Recorded data
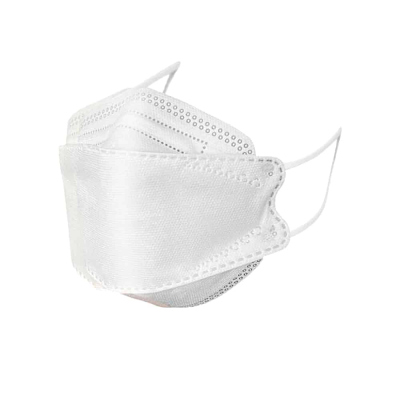 MASCARILLA KN95 FISH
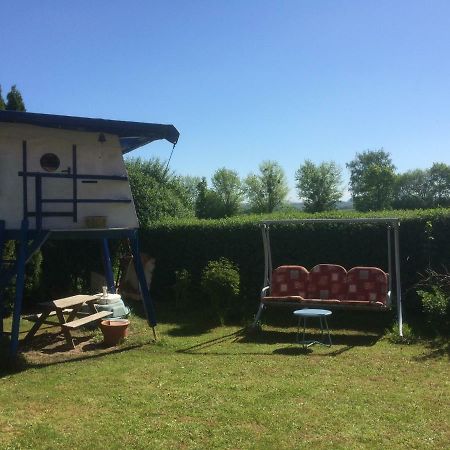 ピルナ Haus Sonnensteinヴィラ エクステリア 写真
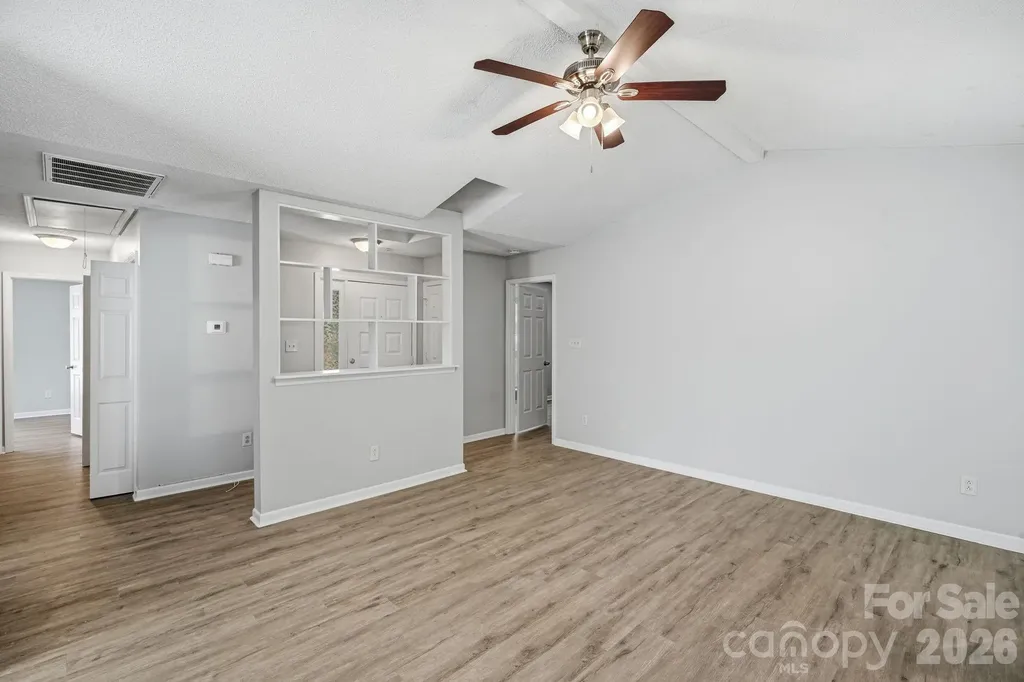 11813 Moonridge Drive Charlotte NC 28226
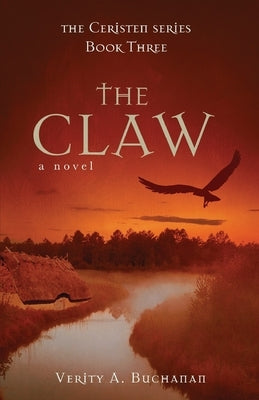 The Claw by Buchanan, Verity a.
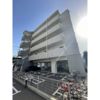 LIBTH長嶺WESTの外観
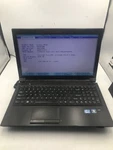 Lenovo B570 1068 Boots To Bios Intel I3 2350M Ram Read Description-bb. Fixed Price $45.00.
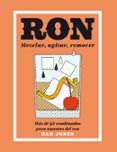 ron mezclar agitar remover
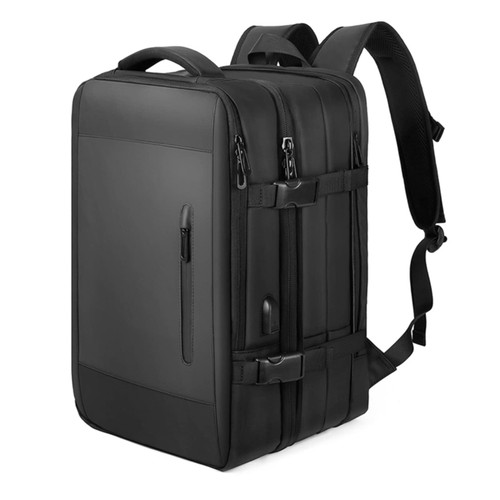 WONHOX Large Carry On Overnight Backpack,Expandable Airline Airplane Flight Approved Weekender Backpack,Waterproof 40l Business travel Laptop backpack For Women Men WONHOX Large Carry On Overnight Backpack,Expandable Airline Airplane Flight Approved Weekender Backpack,Waterproof 40l Business travel Laptop backpack For Women Men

● **Work to be completed**: Pictures are to be left out. Write out only the lines above starting at the one with "Lenovo B570 1068" and ending at the one with "ron mezclar agitar remover", both lines included, exactly.

● **Answer to this problem**:
 Lenovo B570 1068 Boots To Bios Intel I3 2350M Ram Read Description-bb. Fixed Price $45.00.
 ron mezclar agitar remover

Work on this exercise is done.